Due to this weekend’s torrential winter downpour, we are currently in the midst of a federal government shutdown. Uh oh. We’ve been told so often by so many that a government shutdown will shake the Earth from its orbital path and send us careening into the Sun. So far, thankfully, that has not occurred.
Despite our promised fiery demise, we have begun to excavate DC (…wait a moment, what’s the rush?). DC is doing what anyone does in such situations. You triage – you prioritize what gets attention in what order.
There is oh-so-much that should just stay buried. Not physically (I guess) – but metaphorically. There is oh-so-much DC is doing – that it absolutely shouldn’t. And there is oh-so-much more DC wants to do – that it absolutely shouldn’t.

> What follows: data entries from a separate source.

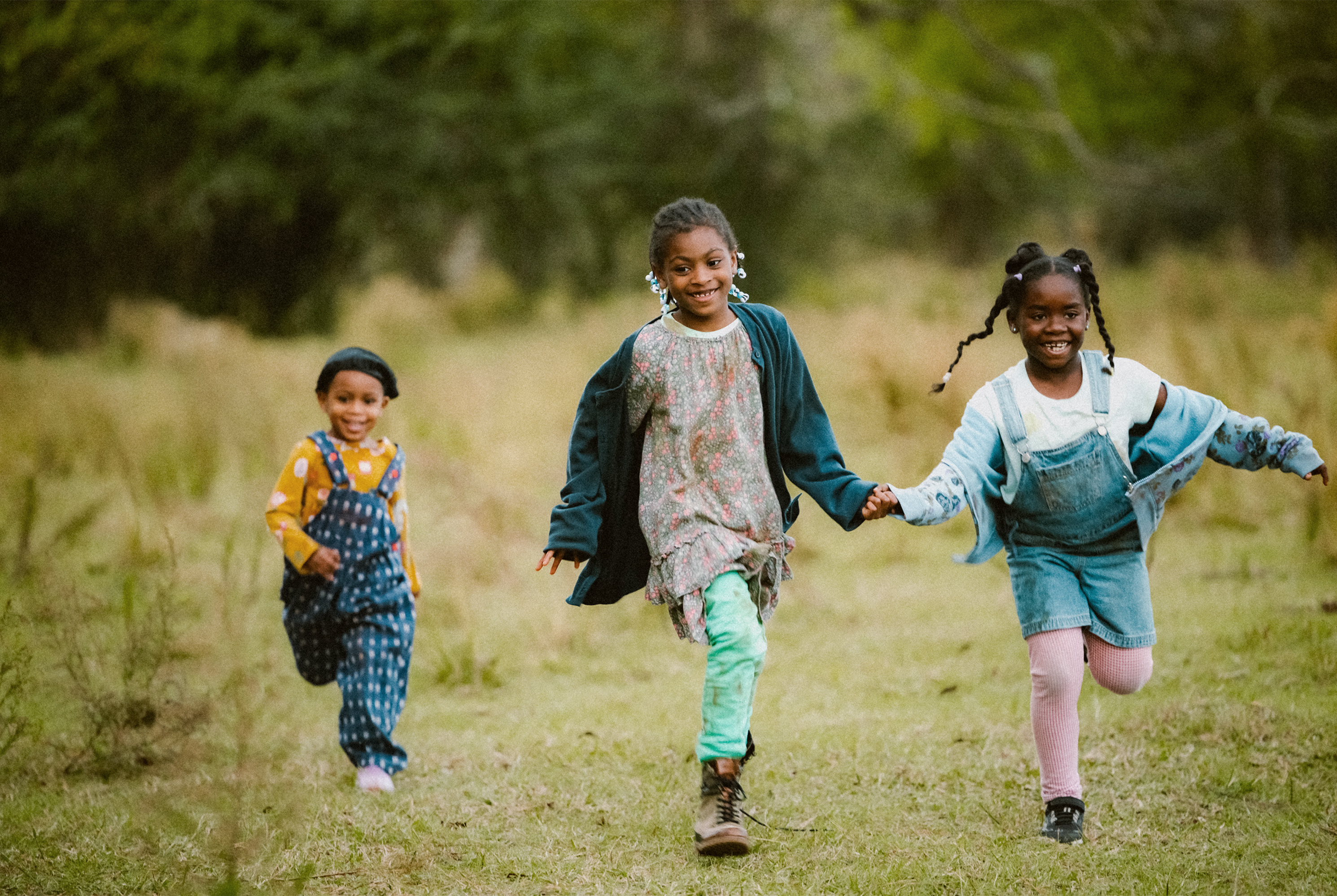 Three children playing together in a field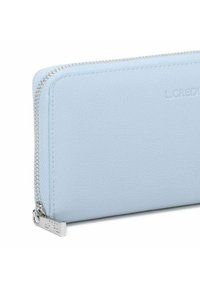 Billetera de cuero azul claro con una textura suave, cremallera plateada y detalle de logo en relieve. Forma rectangular con esquinas redondeadas.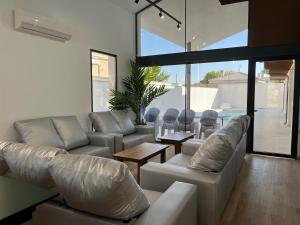 a living room with white couches and a table at Casa rural - bungalows Spa & Relax in La Felipa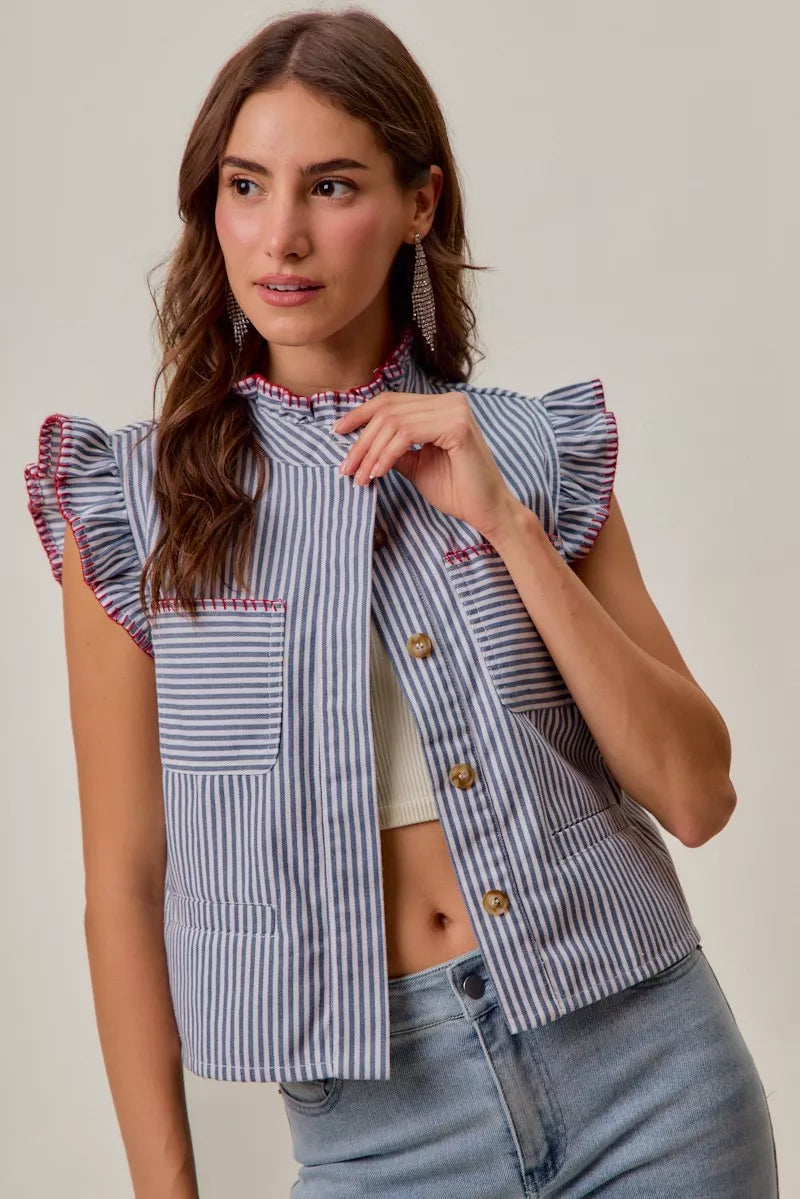 Woman wearing a blue and white striped sleeveless twill vest by SO ME featuring red whipstitch trim, ruffled collar, hidden button front and front pockets. Front view 5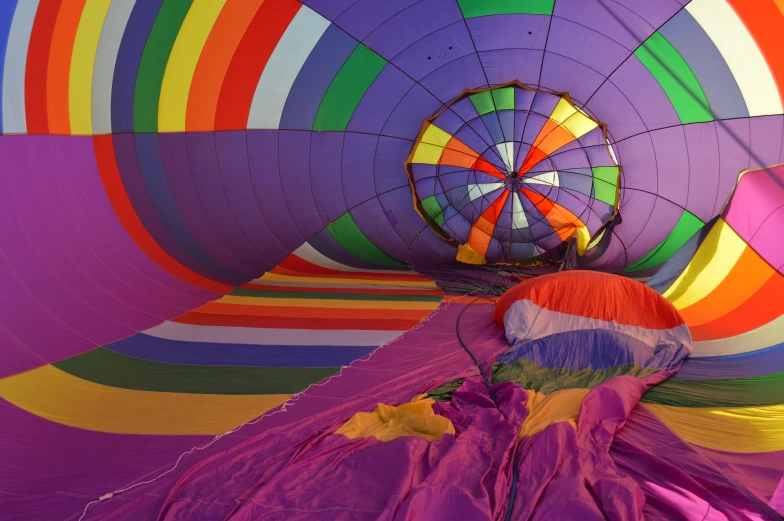 colorful air balloons are inside a large, open room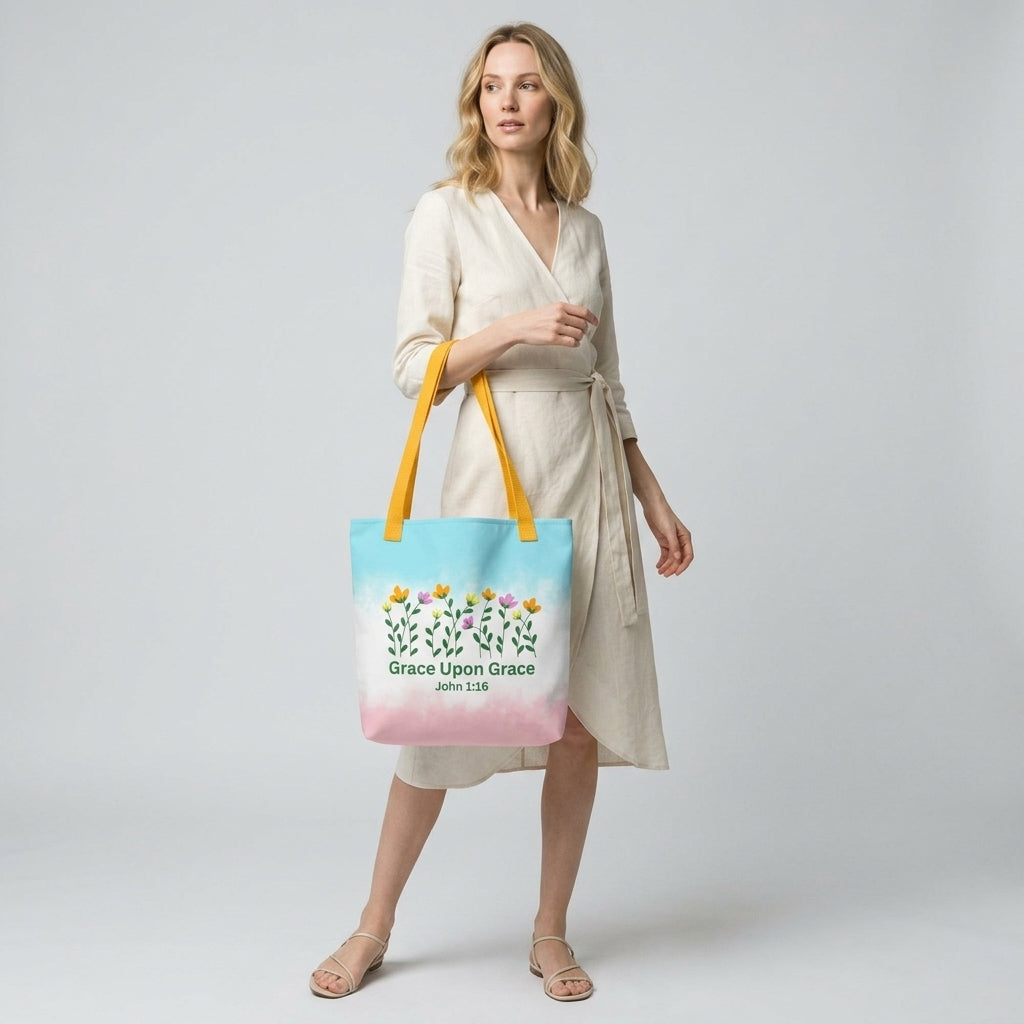 Model carrying a pastel Christian tote bag with yellow handles, floral details, and the Bible verse phrase “Grace Upon Grace John 1:16.”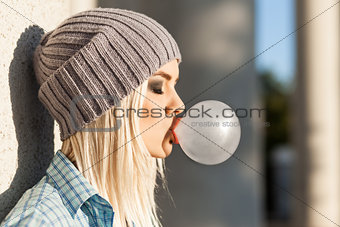 Beautiful blonde girl in beanie hat with smokey eye make up who 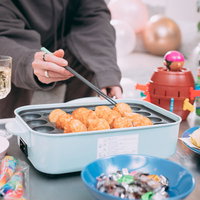 ホットプレートを囲んでタコパしてる様子、友人たちの楽しい食事風景の写真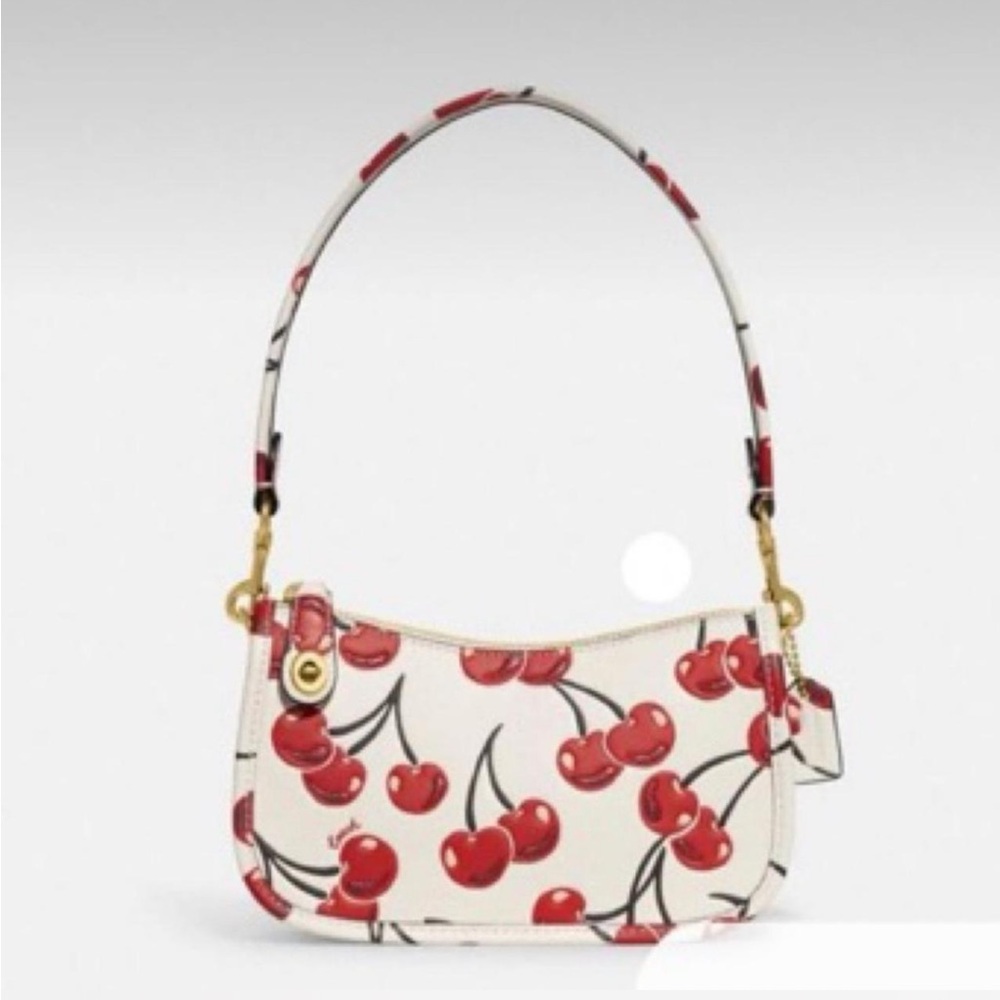 Coach Swinger purse in Cherry Print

Amongst the myriad latter are two bills currently under consideration: The House’s Innovation Act and the Senate’s PATENT Act. Bills that – no matter the expressed intent – will fundamentally undermine the ability of people with ideas to protect their ideas with patents.
Sadly, in a Republican-controlled Congress – there are Republicans pushing these bills. They do so in the alleged name of “tort reform” – to attack and undermine “patent trolls.” When you rightly oppose their attempts to fundamentally transform how we handle intellectual property – you are accused of being on the side of the trial lawyers and their disruptive “patent troll” clients.
Except you’re actually defending one of the crucial components of any free market economy – private property. These underminers want to pretend intellectual property isn’t property – but that doesn’t make it so. Some may want to pretend an avowed Socialist isn’t in contention for the Democrat presidential nomination – but that doesn’t make it so.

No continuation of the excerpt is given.